La majorité, dont la France a besoin, ce n’est pas celle d’un front du refus, mais une majorité prête à l’effort pour la liberté, l’unité et la justice.
Il faut aussi veiller à la réputation de la France.
Je suis ici au plus profond de mon rôle, et je regrette d’ailleurs d’être presque le seul à en parler.
La France est aujourd’hui considérée et respectée dans le monde. Considérée et respectée davantage peut-être que vous ne le croyez.
Elle entretient un dialogue loyal et ferme avec les deux superpuissances, dont j’ai reçu les chefs en visite en France.
Elle participe activement aux réflexions internationales sur la prolifération nucléaire et, désormais, sur le désarmement.
Elle apparaît à la fois comme un pays pacifique, mais capable, quand il le faut, d’agir.
Dans le Tiers-Monde, déchiré par trop d’interventions extérieures, la France est à la tête des efforts pour le développement. Elle reste, pour ses partenaires africains, une amie fidèle et sûre.
En Europe, elle poursuit la tâche lente, difficile et nécessaire de l’union de l’Europe. Personne ne suspecte sa volonté d’y contribuer. Elle prendra à nouveau, le moment venu, les initiatives nécessaires.
Oui, la France est aujourd’hui considérée et respectée.
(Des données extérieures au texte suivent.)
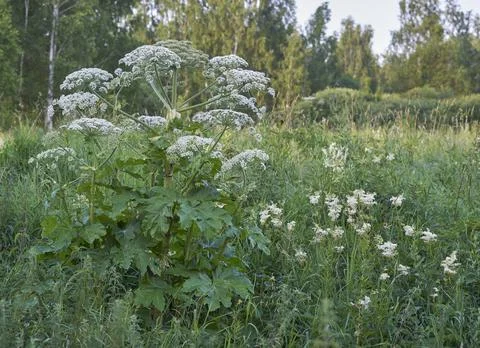 Weed hogweed Stock Photos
Plus personne, comme c’était le cas à certains moments de notre histoire récente, ne sourit de la France. […]
Et puisque nous parlons de la France, je conclurai avec elle.
Il m’a toujours semblé que le sort de la France hésitait entre deux directions :
Tantôt, quand elle s’organise, c’est un pays courageux, volontaire, efficace, capable de faire face au pire, et capable d’aller loin.
Tantôt, quand elle se laisse aller, c’est un pays qui glisse vers la facilité, la confusion, l’égoïsme, le désordre.
La force et la faiblesse de la France, c’est que son sort n’est jamais définitivement fixé entre la grandeur et le risque de médiocrité.
Si au fond de moi-même, comme vous le sentez bien, et comme, je le pense, les Bourguignonnes et les Bourguignons l’ont senti pendant ces deux jours, si, au fond de moi-même, je vous fais confiance, c’est parce que je suis sûr qu’au moment de choisir, oubliant tout à coup les rancunes, les tentations, les appétits, vous penserez qu’il s’agit d’autre chose, et que, qui que vous soyez, inconnu ou célèbre, faible ou puissant, vous détenez une part égale du destin de notre pays.
Et alors, comme vous l’avez toujours fait, vous ferez le bon choix pour la France.
Avant de nous séparer, et puisque je vous ai dit que je conclurai avec la France, c’est avec elle que nous allons chanter notre hymne national.
Valéry Giscard d’Estaing, allocution de Verdun-sur-le-Doubs, 27 janvier 1978, cité in Valéry Giscard d’Estaing, Le Pouvoir et la Vie, Paris, Livre de Poche, 1989, tome 1, p. 401 sq (1re éd. 1988).